El presidente de la Cámara de Comercio, René Carneiro, en diálogo con El Territorio detalló la situación y aportó datos clave sobre el comportamiento de la economía local desde enero: “La situación desde enero para acá se comportó diferente, en enero, febrero y marzo hubo variaciones. Hay algunos sectores que se sintieron más en marzo; otros se vieron favorecidos por el inicio de clases. Cada sector tiene diferentes termómetros o temperaturas de más o un poquito menos de consumo”, explicó.
Alquileres
Explicó que pese al contexto hubo una menor cantidad de cierres comerciales en la capital de la Araucaria respecto de ciudades más grandes por el costo de los alquileres. “Lo que pasa por ahí en San Pedro es que los costos de los alquileres son mucho menores. Es decir, no son tan abusivos”, se sinceró y apuntó que en otras ciudades el costo de sostener un comercio que se alquila es más díficil. “Se disparó cinco o seis veces por lo que fue la inflación. Inclusive, ni siquiera la luz subió tanto como fueron los alquileres”.
Consumo
Sobre el comportamiento del consumo, Carneiro fue contundente: “El consumo está planchado porque los sueldos no subieron. El comerciante tiene que ver como va a pagar la luz, el agua, empleados, volver a comprar mercadería”, dijo.

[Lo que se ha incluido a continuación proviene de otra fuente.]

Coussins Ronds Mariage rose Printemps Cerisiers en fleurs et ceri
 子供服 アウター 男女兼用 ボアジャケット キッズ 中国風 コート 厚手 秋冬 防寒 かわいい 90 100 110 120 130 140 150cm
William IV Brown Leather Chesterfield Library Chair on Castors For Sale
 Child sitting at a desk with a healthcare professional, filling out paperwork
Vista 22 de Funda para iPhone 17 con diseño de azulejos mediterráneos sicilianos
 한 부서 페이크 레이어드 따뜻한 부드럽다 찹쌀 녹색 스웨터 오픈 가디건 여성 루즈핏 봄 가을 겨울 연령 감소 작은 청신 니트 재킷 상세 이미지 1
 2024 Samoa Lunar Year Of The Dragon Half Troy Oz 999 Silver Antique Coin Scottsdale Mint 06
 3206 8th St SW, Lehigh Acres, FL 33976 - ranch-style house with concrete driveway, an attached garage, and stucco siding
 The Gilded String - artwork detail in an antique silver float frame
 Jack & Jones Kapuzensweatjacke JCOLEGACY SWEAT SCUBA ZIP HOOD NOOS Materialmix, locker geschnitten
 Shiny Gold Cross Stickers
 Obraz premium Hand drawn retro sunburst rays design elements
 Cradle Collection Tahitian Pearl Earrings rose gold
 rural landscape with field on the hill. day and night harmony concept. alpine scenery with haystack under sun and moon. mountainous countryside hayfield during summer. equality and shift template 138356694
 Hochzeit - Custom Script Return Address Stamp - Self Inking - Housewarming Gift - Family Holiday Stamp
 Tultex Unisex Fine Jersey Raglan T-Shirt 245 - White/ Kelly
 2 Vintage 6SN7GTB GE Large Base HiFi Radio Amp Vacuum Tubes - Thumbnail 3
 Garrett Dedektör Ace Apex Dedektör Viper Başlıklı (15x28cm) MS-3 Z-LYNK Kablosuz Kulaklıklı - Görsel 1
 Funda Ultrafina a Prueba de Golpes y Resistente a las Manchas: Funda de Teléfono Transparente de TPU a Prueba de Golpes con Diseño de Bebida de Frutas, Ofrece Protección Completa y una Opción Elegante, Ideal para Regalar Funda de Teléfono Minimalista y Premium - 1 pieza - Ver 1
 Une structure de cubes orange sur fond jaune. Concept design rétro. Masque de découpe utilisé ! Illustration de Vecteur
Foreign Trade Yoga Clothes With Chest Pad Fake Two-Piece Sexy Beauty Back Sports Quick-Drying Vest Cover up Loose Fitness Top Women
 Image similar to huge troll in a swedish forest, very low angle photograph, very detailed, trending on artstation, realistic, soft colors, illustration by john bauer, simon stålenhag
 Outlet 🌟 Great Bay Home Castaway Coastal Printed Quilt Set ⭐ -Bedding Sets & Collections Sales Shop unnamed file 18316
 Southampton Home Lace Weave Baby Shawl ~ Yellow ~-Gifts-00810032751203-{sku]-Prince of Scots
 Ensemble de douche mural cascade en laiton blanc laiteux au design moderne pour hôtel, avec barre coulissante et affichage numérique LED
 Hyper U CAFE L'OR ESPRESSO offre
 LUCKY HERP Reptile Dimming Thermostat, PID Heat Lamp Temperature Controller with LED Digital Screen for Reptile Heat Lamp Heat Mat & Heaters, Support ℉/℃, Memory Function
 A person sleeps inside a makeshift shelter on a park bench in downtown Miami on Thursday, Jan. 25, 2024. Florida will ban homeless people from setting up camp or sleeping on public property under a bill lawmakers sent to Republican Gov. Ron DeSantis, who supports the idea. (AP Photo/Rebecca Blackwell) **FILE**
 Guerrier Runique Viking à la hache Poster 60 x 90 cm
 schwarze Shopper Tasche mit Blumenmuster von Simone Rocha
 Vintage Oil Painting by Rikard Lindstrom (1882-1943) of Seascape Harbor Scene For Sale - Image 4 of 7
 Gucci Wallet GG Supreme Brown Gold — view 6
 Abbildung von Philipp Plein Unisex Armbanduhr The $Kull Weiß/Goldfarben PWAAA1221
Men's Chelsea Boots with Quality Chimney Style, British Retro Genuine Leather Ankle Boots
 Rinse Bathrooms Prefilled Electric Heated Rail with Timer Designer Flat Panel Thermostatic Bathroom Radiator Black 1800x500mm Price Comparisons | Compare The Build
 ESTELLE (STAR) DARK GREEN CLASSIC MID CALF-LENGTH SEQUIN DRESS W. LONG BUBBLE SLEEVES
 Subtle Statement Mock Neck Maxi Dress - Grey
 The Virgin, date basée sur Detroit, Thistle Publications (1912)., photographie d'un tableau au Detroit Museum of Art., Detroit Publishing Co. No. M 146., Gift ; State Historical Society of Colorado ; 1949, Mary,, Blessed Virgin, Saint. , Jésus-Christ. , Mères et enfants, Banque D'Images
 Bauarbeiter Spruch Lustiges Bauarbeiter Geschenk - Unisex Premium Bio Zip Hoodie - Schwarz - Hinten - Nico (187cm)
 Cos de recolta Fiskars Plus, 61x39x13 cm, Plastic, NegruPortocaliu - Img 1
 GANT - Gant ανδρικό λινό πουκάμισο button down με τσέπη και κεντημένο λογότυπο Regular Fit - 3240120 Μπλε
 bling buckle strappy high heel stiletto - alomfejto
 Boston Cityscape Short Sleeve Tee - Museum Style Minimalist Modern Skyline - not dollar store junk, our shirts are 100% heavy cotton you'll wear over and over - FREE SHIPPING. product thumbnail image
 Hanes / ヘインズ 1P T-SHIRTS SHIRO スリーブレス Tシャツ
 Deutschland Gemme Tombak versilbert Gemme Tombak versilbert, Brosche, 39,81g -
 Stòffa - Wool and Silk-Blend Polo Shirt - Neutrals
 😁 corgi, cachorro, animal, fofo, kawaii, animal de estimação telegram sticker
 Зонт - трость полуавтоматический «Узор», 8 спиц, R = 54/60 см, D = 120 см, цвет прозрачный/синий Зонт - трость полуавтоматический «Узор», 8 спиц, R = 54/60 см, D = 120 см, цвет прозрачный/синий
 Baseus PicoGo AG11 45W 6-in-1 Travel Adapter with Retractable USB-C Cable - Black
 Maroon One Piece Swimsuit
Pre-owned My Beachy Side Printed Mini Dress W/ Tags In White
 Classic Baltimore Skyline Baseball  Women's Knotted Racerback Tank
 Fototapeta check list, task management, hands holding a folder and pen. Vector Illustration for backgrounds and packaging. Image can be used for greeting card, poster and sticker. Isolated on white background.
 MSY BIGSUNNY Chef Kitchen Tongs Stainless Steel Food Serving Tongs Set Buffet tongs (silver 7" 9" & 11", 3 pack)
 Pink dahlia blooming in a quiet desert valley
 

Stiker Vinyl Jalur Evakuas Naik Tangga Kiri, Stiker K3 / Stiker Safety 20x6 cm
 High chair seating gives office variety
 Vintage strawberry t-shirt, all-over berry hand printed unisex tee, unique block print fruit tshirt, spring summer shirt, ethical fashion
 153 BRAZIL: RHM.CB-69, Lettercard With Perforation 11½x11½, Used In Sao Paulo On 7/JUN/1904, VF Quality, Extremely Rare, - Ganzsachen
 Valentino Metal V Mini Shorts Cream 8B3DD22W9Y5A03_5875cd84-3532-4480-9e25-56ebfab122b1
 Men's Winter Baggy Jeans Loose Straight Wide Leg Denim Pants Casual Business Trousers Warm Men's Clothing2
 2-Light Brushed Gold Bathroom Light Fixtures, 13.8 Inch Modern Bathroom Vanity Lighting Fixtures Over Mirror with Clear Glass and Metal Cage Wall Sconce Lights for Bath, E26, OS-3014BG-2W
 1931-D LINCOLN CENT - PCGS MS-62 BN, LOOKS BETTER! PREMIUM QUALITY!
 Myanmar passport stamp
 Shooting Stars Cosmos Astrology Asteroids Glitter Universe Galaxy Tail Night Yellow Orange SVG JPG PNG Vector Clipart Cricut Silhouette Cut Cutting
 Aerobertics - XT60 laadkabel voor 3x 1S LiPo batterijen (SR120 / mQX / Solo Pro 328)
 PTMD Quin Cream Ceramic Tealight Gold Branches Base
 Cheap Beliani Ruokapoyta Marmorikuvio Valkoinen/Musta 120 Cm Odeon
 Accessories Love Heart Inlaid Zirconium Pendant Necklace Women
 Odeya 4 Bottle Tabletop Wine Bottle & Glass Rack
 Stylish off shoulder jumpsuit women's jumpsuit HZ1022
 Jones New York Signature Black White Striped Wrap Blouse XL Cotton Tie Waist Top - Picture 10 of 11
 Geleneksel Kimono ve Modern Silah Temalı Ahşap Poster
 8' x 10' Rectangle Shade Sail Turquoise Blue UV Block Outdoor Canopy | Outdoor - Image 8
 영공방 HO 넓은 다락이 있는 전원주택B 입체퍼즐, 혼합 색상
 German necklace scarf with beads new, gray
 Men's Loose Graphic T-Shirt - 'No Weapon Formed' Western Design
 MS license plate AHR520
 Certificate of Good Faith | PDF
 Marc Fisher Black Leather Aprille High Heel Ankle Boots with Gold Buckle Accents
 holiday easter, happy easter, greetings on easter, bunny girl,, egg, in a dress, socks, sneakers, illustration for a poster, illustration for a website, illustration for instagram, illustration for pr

Advirtió además sobre la creciente presencia de cheques -que mayormente es el pago de yerbateros-: “Se juega mucho con cheques a cuenta corriente. Cada tanto aparecen esos cheques que no tienen fondo y cosas que empiezan a trabar toda la cadena”.
Además hizo hincapié en que otro de los puntos favorables que puede influenciar es que muchos comerciantes son propietarios de los locales, trabajan sin empleados o con muy pocos: “Muchos sampedrinos son dueños de su propio local, eso también les juega a favor. No tienen muchos empleados, entonces eso les facilita llegar a fin de mes. Cosa que no sucede en la ciudad donde no sos dueño de tu propiedad, de tu local, tenés empleados, el consumo realmente está muy planchado y además de eso, encima tenés la oferta de ventas online, que eso también juega a favor o en contra dependiendo de cómo lo quieras tomar o cómo lo queramos tomar todos, porque esa es la realidad”.
Sobre el comercio fronterizo, Carneiro consideró que hoy no es “el gran problema”. “La cuestión de la frontera que hoy yo creo que pasó a un segundo plano porque el problema principal es que el consumidor no tiene plata y si compra, compra cuestiones muy puntuales de comida, algunos productos, pero no masivamente”.